Matillion ETL Object | Where to find |
---|---|
METL_PROJECT_GROUP_NAME |
Project → Rename Project Group |
METL_PROJECT_NAME |
Project → Manage Project |
METL_VERSION_NAME |
Project → Manage Versions |
METL_ENVIRONMENT_NAME |
Environments → right-click on an environment name → Edit Environment |
METL_JOB_NAME |
Right-click on job → Manage Job |
Click Save and Continue once the five settings have been created and the values assigned based on the object names in Matillion ETL.
Configure Output
Select the function that was created. Select Integration in the menu. The integration will show the components that have been created. There is no "Output" yet defined. Click + Add output.
Set the Binding Type as Azure Queue Storage. Select the storage account connection and enter the name of the storage account queue that was created earlier. Click OK.
Trigger an ETL job to extract, load, and transform
Here is the Matillion ETL job that will load the data each time a file lands. It maintains the target table, and on each run truncates the table and loads the latest file into it. The job then runs a data transformation on the loaded data, which appends the results to a persistent table.
The exported job and data files are available in the Attachments pane. Be sure to download the JSON that applies to your cloud data platform (named SF_ for Snowflake, SY_ for Synapse, DLDB_ for Delta Lake on Databricks).
Each time this runs we want to load a different file. It's possible to define a variable for this process. We can define the file_to_load
variable within Matillion ETL and specify a default value to test the job.
- Click Project → Edit Environment Variables.
- Create an environment variable as below.
This variable is referenced in the component we have named Load Latest File (an Azure Blob Storage Load component) as the Azure Storage Location parameter. In this case, the file is provided by the Azure function.
Since the variable has a default value, the job can be tested in isolation. Then, to actually run this whenever a new queue message arrives (via our function) we can configure the queue within Matillion ETL. To do this, click Project → Manage Queue Configuration.
Manage Queue Configuration has a Listen section:
Note that the Listen Queue is the same queue that was defined in the "Outputs" of the function integration. Note also that Matillion ETL is using the instance credentials attached to the Matillion ETL instance—it could have used a user-defined credential, but either way the credentials must be able to read from Blob Storage Queue to pick up the message, and read the data files.
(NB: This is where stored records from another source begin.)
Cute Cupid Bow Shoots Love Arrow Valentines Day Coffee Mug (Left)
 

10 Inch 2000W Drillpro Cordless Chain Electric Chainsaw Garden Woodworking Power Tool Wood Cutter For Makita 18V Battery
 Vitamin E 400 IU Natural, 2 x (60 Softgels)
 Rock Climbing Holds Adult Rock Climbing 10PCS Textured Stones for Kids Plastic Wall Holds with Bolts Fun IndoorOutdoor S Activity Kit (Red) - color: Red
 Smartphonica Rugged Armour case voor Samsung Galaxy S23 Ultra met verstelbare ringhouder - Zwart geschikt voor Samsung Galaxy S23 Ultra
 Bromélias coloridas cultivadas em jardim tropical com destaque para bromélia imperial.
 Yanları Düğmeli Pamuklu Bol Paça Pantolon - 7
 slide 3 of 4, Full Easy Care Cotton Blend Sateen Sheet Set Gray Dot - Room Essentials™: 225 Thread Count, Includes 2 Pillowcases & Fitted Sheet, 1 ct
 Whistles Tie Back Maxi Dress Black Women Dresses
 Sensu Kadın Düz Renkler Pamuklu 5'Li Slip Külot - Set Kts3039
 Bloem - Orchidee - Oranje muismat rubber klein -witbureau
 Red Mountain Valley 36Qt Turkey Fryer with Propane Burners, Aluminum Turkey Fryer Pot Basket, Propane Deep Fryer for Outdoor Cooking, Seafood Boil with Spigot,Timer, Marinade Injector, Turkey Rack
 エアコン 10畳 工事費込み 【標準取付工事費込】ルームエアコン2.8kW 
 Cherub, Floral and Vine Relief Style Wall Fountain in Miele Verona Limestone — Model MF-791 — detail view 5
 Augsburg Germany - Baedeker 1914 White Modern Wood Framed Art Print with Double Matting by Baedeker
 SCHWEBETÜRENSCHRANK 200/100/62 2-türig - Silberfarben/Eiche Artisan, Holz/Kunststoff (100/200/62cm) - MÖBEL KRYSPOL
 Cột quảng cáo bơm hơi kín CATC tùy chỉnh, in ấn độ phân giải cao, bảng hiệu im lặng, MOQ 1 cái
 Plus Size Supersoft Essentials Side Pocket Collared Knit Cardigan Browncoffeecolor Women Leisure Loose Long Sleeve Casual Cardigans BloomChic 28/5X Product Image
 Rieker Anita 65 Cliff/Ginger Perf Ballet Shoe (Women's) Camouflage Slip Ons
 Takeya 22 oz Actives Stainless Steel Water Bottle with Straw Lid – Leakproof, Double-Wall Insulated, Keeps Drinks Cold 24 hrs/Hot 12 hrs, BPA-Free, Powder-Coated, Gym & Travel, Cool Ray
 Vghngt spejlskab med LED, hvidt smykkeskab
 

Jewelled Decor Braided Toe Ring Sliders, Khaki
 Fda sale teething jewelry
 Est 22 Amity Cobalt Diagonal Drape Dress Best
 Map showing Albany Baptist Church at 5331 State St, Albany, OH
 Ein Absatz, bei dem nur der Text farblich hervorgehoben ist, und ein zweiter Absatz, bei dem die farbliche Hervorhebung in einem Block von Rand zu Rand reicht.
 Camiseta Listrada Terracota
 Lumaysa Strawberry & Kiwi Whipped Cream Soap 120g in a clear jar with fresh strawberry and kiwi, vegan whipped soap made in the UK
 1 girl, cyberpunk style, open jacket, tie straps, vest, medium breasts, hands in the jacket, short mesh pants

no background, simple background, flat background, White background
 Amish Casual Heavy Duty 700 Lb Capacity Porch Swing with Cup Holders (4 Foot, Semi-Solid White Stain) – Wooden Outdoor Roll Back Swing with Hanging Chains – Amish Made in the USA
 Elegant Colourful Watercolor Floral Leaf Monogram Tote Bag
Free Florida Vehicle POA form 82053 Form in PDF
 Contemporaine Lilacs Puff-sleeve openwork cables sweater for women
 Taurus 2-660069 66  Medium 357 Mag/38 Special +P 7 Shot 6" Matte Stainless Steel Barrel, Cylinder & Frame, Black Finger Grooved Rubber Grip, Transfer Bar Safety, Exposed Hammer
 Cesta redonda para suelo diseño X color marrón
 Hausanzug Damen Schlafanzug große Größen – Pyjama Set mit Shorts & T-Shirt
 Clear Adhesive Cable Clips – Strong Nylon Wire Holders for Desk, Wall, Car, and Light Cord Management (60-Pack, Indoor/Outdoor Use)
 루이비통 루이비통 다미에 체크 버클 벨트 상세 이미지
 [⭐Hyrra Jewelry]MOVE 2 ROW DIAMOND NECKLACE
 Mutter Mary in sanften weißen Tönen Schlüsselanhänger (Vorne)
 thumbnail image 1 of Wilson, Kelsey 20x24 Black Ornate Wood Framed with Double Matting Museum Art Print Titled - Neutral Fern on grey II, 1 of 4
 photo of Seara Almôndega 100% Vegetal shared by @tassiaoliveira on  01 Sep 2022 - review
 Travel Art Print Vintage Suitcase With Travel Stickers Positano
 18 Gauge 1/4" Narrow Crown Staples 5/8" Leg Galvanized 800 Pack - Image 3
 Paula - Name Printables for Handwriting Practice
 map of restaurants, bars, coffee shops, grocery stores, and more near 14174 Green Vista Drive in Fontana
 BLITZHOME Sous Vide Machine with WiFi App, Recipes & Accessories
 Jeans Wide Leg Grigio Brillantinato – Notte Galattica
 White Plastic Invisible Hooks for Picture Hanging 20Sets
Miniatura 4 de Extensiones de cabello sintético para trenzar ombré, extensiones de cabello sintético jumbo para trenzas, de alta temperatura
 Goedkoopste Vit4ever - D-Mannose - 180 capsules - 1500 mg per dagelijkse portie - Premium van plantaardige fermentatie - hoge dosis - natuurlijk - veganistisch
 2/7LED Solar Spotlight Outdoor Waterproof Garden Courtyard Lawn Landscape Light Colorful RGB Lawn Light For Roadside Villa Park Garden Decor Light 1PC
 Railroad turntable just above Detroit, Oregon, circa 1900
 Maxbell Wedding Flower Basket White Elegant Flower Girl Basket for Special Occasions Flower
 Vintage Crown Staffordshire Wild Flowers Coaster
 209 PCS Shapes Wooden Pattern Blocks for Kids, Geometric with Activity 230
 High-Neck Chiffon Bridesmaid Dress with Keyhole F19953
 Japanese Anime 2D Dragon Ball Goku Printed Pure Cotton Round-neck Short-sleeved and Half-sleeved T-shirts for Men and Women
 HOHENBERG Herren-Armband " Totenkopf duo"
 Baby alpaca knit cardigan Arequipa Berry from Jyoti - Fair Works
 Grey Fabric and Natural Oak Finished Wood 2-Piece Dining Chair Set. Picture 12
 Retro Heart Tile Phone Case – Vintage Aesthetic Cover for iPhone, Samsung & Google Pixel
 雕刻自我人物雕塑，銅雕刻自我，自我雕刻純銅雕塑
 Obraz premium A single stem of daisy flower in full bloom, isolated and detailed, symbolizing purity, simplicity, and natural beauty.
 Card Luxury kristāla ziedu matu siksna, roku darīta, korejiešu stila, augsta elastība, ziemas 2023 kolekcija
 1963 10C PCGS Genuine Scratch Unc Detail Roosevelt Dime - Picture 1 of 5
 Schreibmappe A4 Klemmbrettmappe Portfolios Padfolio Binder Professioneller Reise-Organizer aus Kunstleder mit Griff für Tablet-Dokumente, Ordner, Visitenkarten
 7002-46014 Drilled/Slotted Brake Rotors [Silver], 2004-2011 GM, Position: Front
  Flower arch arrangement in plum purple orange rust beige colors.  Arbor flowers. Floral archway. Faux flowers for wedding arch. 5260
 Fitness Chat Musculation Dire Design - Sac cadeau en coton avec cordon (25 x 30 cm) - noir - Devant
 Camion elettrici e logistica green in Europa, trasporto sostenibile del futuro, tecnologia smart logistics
Now you are ready to add some files into the bucket and trigger the job. Click Project → Task History or view the task panel to view a job as it executes.
Further Consideration
In a production environment you might also consider:
What if the ETL job can't keep up with the arrival rate?
There is some overhead loading a file, so each run will take a certain minimum amount of time. If jobs are stacking up behind one another, you might need a smaller number of larger files to make that overhead worthwhile.
Take a clone of the EC2 instance running Matillion ETL and launch more instances from it. The ETL job, the connection details, and the SQS listen configuration will all be cloned, and you will now have two instances that can listen for and process arrival messages.
What if it fails?
Azure Queue Configuration also allows you to post messages on success and failure. They could be handled by app functions that move the Azure Blob files into "success" and "failed" folders, send notifications, etc.